24.12.1997 - 00:00 | Son Güncellenme:
Her insanın bir öyküsü vardır, ama her insanın bir şiiri yoktur demişti Özdemir Asaf. Ve benim neslimin günlük diline yerleşen şiirler yazmıştı:
Yaşamak değil,
Beni bu telaş öldürecek
Benim söylemek için çırpındığım gecelerde,
Siz yoktunuz
Öyle bir kelime söylesem ki diyorum,
Dışarıda bir başkası kalmasa
Bütün renkler aynı hızla kirleniyordu,
Birinciliği beyaza verdiler
Ölünceye kadar seni bekleyecekmiş,
Sersem.
Ben seni beklerken ölmem ki...
Beklersem
Niyetim nerde kaldı şu eski karnabaharlar edebiyatı yapmak değil ama şimdilerde şiirin insanların günlük yaşamından tümüyle çıkmasını da hüzünle izlemiyor değilim.
Herkes telaştan ölecek gibi (zaten yollarda ölünmüyor mu?)
Belki de bu şiirsizlik yüzünden, benim neslimden iki sevgili arkadaşım, Beyoğlu'nda (Tati'den girilip hemen sola dönünce) "Şiirci" açtılar.
Şiirci bir şiir dükkanı. Nilgün Yurdalan ve Muzaffer Olca bu topraklarda yazılmış tüm dillerdeki şiirleri derliyor, topluyor, arşivliyorlar.
Merdiven altı yayıncıları da denilen kendi şiirini kendi bastıranlara, en çok da Anadolu'daki sanat dergilerine ulaşmayı hedefliyorlar. Onların ciddi bir potansiyel olduğuna inanıyorlar.
Artık baskısı kalmamış eski şiirleri fotokopi ile çoğaltmak, el yazmaları toplamak da "Şiirci"lerin çalışmaları arasında.
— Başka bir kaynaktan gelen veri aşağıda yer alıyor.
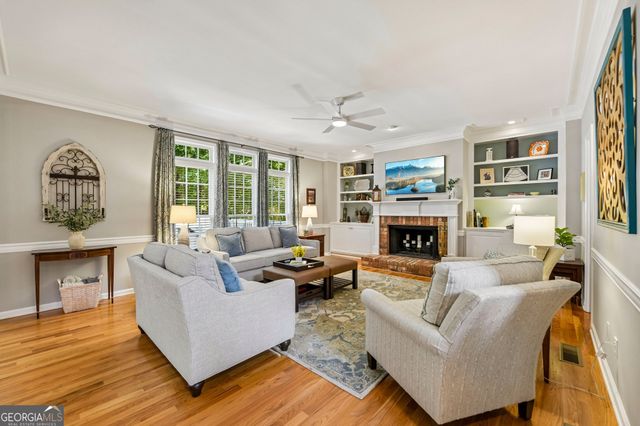 160 Woodcliff Drive, Suwanee, GA 30024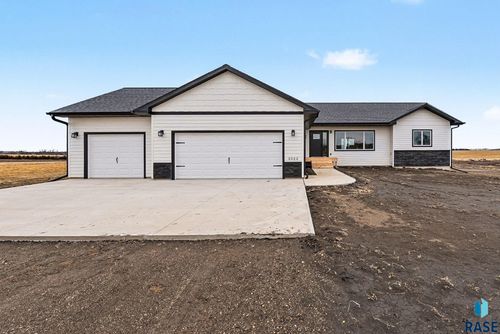 2022 Harvest Creek Ln, Madison, SD, 57042-3213 | Card Image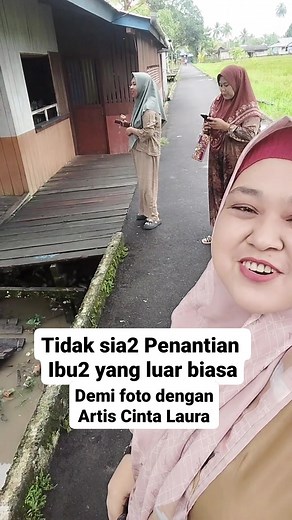 Luar biasa dari pagi2 sekali bu-ibu sudah stay nungguin artis Cinta Laura, mereka berhasil foto bareng #penantianartisyangtidaksia2 #buibufotobarengcintalaura #sawaermatrendingtopik #artiscintalaurakesawaerma | Ramlah Tona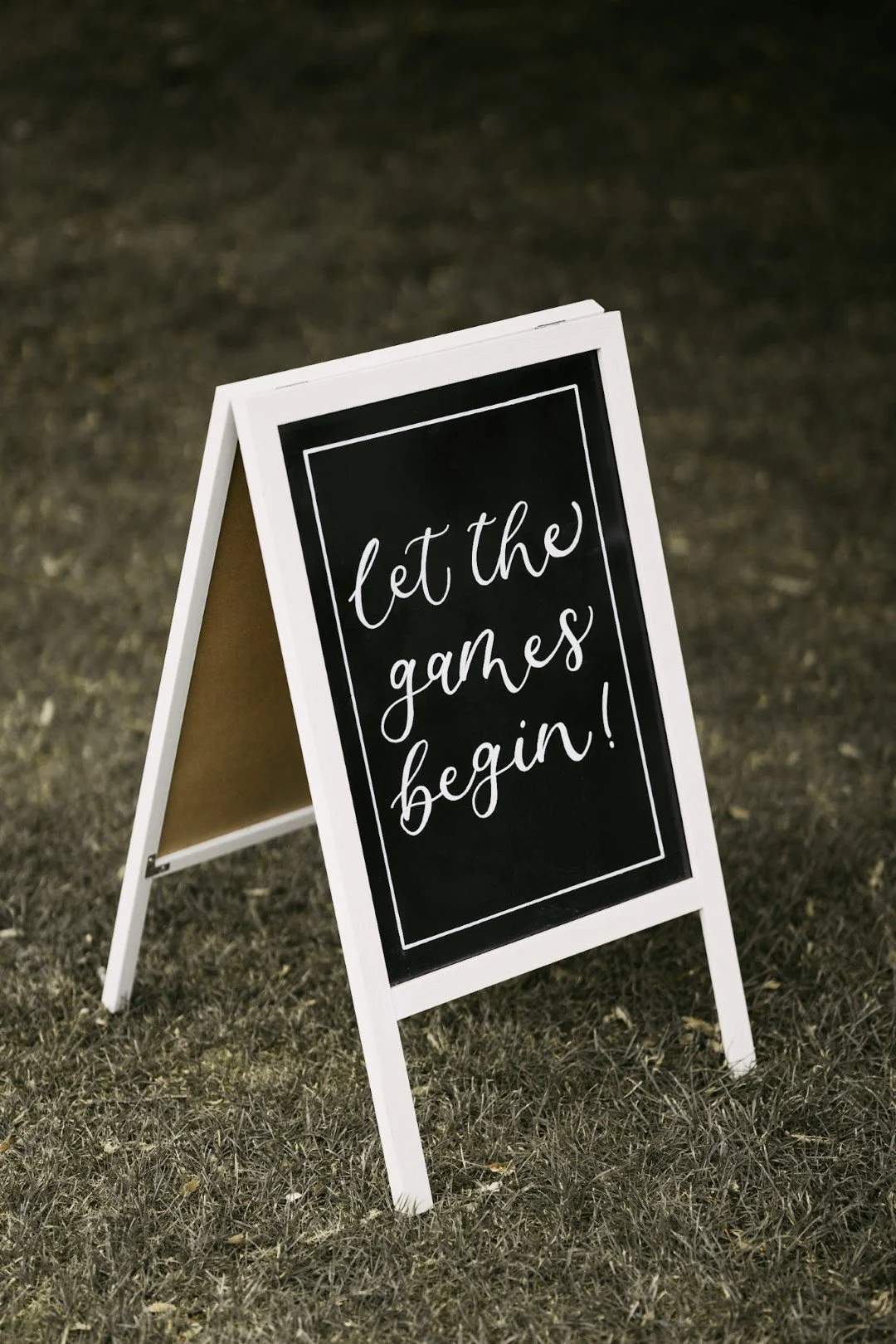 Lawn games and activities for guest entertainment at Cooling Castle Barn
Sonbahar ile birlikte şiir dergisi "Sombahar"ın da kapandığı, şiire yer veren birkaç sanat dergisinin yanı sıra şiir dergisi olarak bir tek "Ludingirra"nın kaldığı (bildiğim kadarı ile) şiirsiz dünyamızda "Şiirci"ye uğramayı unutmayın. Biraz şiir okur, etnik müzik kasetlerine de göz atarsınız.